I don't keep all my files on my desktop, so I need to copy them over the wire. But if my desktop has less space than my NAS, I can't keep them on disk, and certainly not in memory. That isn't a dealbreaker, it just means I'll make the tape drive stopping, starting, and jumping around regularly as it exceeds the speed of my local network and needs to wait for data to come in. This is where mbuffer comes in. very sensible name.
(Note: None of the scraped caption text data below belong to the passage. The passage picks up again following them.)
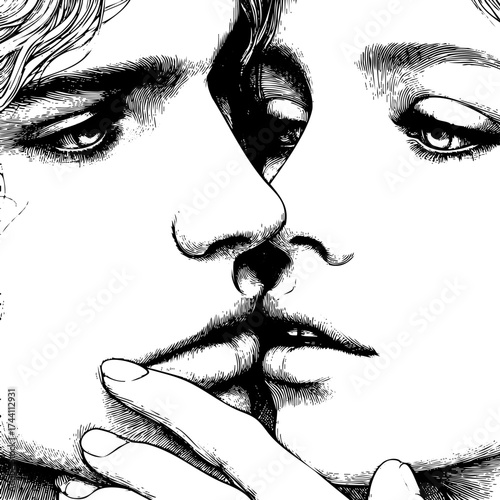 Drawing of two people kissing with their lips touching. The drawing is in black and white and has a moody, romantic feel to it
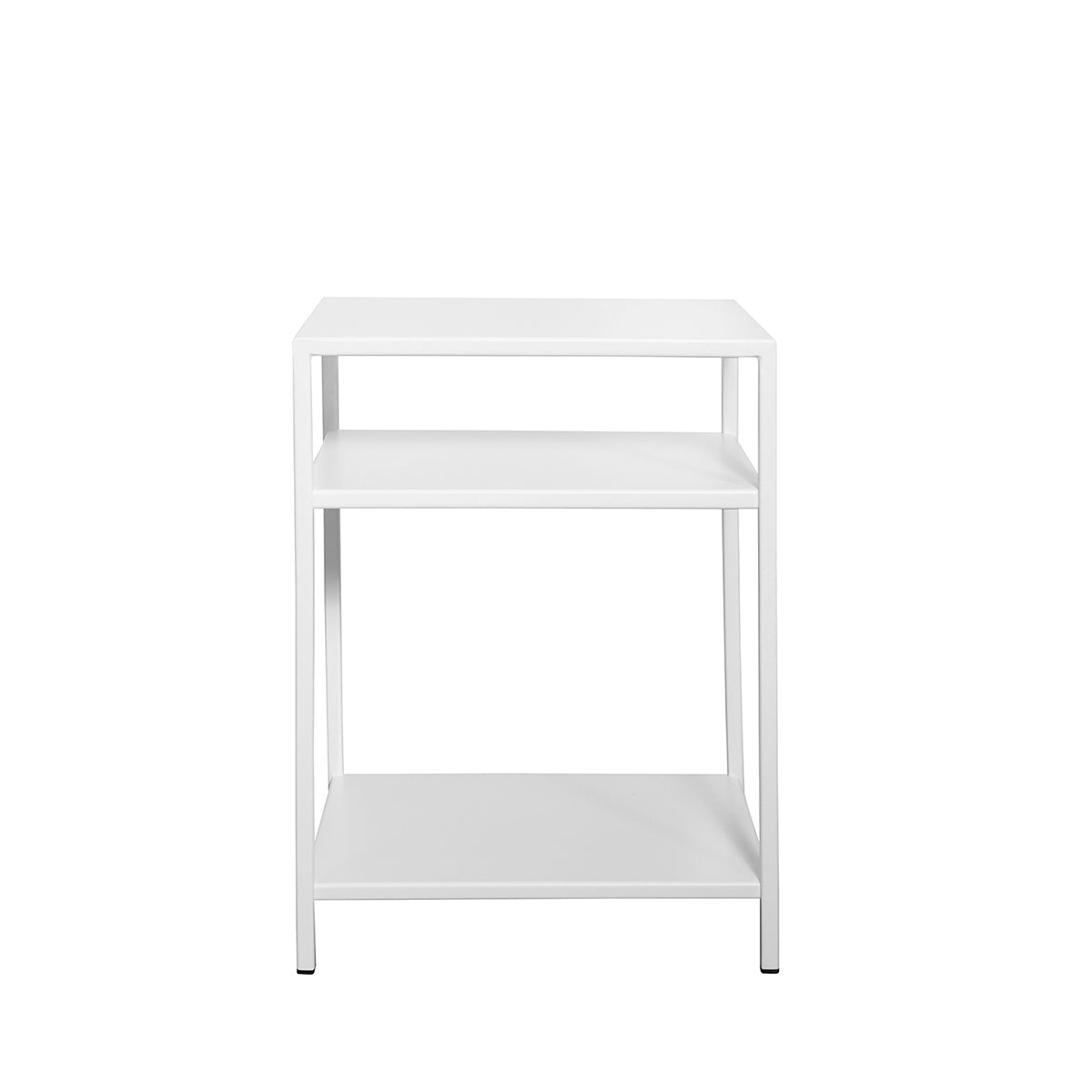 The Folded Plate Top Pedestal with Dual Shelves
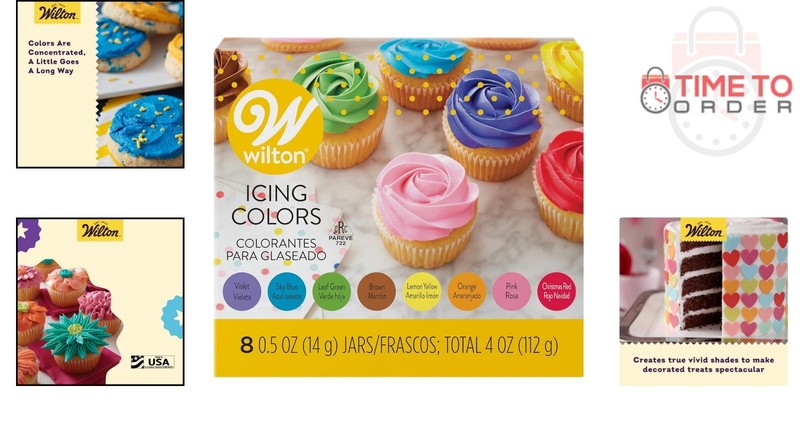 8-Color Gel Food Coloring Set for Cakes Cupcakes Frosting Bake Decor gallery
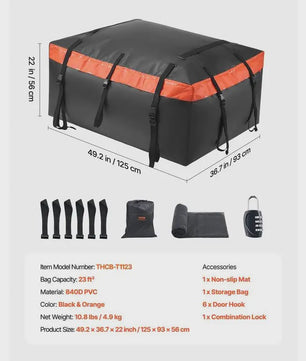 Waterdichte Dakkoffer Tas 23 Cubic Feet - Duurzaam 840D PVC met Slot & Anti-slip Mat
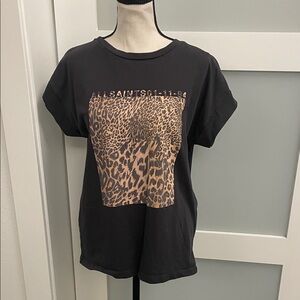 All Saints Black Tee with Leopard Print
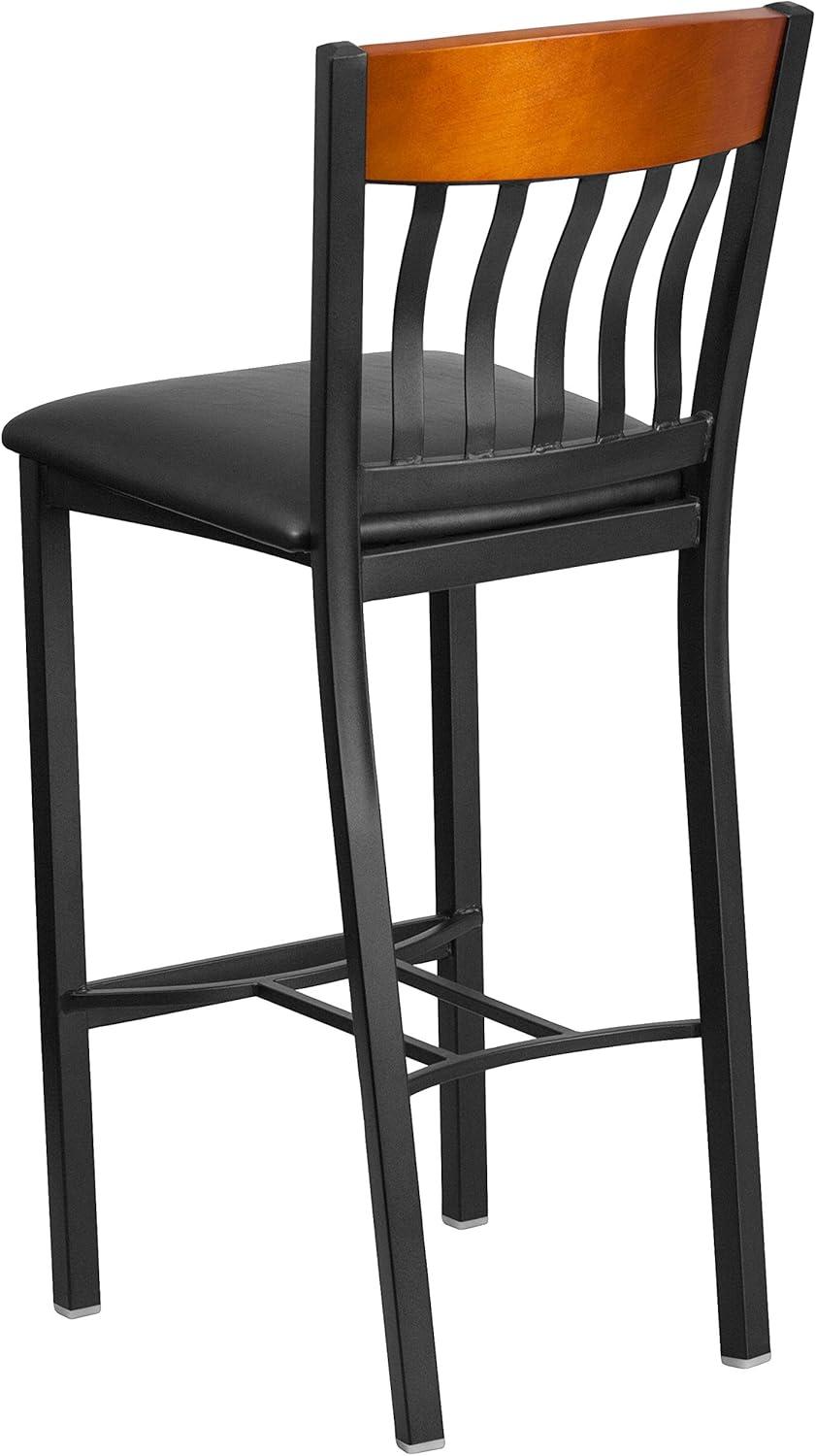 image:imageFlash Furniture Eclipse Series Vertical Back Black Metal and Cherry Wood Restaurant Barstool with Black Vinyl SeatCherry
# Archive the contents of an NFS mount
# Pipe the resulting tar into mbuffer, which will, in order of arguments:
# 1. Buffer up to 64 gigabytes in memory (as I have 128GB to use in my desktop)
# 2. Wait until the buffer is 80% full before beginning to write
# 3. Write in 512kb blocks.
# 4. To /dev/nst0, which is my tape drive.
> tar -b512 -cvf - /mnt/H2C/flac 2> | mbuffer -m 64G -P 80 -s 262144 -o /dev/nst0

This results in full speed writes, until the buffer is exhausted (although mbuffer will continue to refill even as it is being drained). Were my network slower, or the LTO standard newer, this would be much more important. As it is, this process simply means I don't need to listen to the whirr of the tape mechanism speed up and slow down and speed up and slow down.

age

Finally, something new to me. age. I'm slightly cautious about it, as everyone should be when a new encryption tool comes along. But it really is quite fantastic. Here's an easy example showing how to add passphrase encryption to a directory written to a tape:

# Writing a large file to a tape
> dd if=bigfile.bin bs=512k | age -p > /dev/nst0
# Rewinding
> mt -f /dev/nst0 rewind
# And extracting again, but decrypted
> dd if=/dev/nst0 bs=512k | age -d > bigfile.bin

Frankly, I'm sure this is possible with gnupg. Maybe. But age fits a niche that I like - small tools that work well with pipes. I'd like to see a full audit in the future, but for now, given its history (coming out of the Golang development team), I'm comfortable using it.